Assigned task
Apart from pictures, transcribe exactly each line from the one containing "Fine Crafted 100" through the final line of the listing below.

Exercise data
○ ○ ○ ○ ○
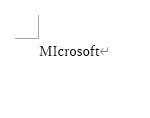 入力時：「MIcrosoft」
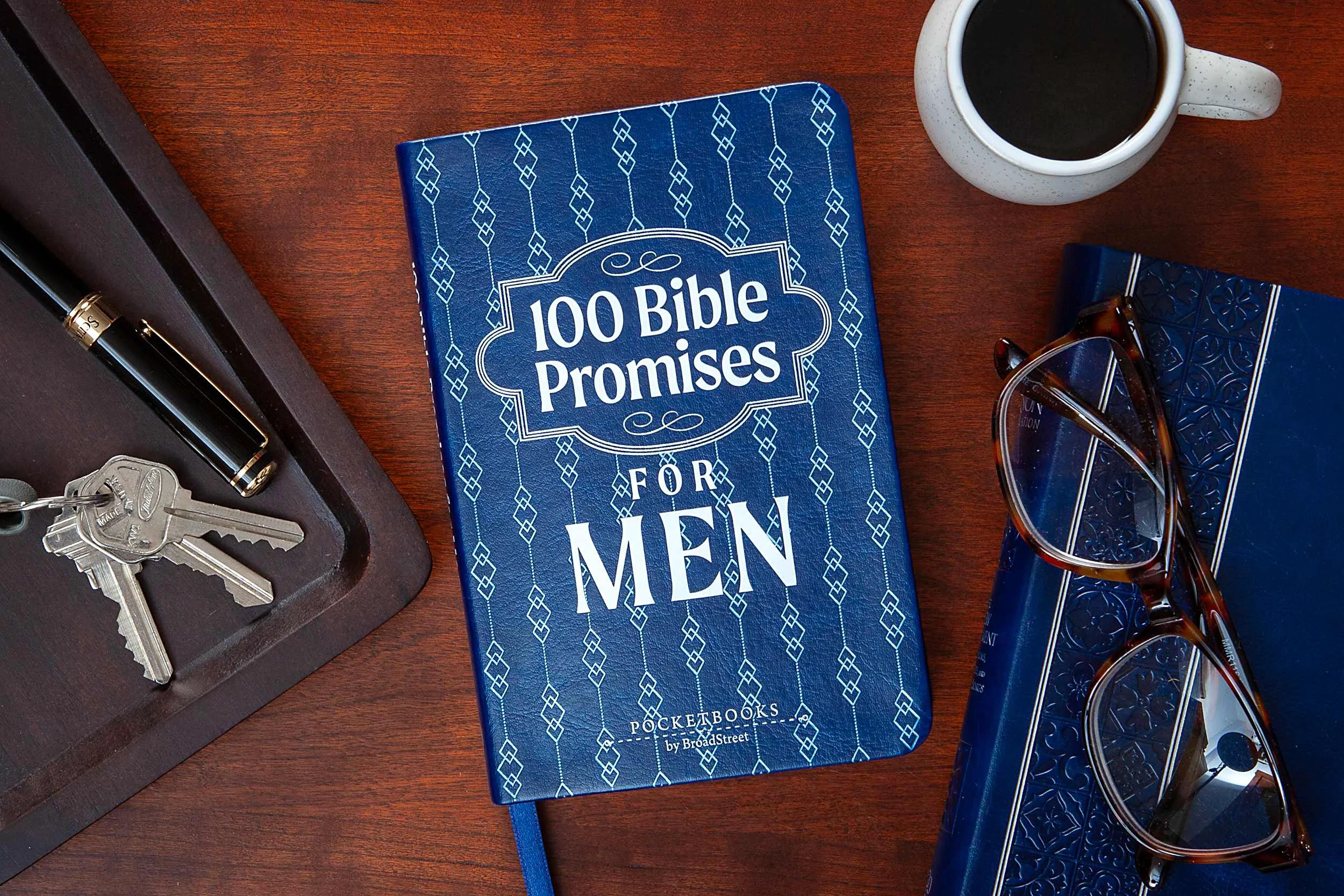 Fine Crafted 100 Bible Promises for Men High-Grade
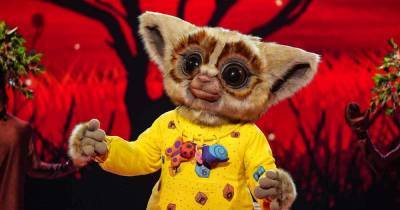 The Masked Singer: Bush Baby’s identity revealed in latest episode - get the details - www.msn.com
○ ○ ○ ○ ○
Solution
 Fine Crafted 100 Bible Promises for Men High-Grade
 The Masked Singer: Bush Baby’s identity revealed in latest episode - get the details - www.msn.com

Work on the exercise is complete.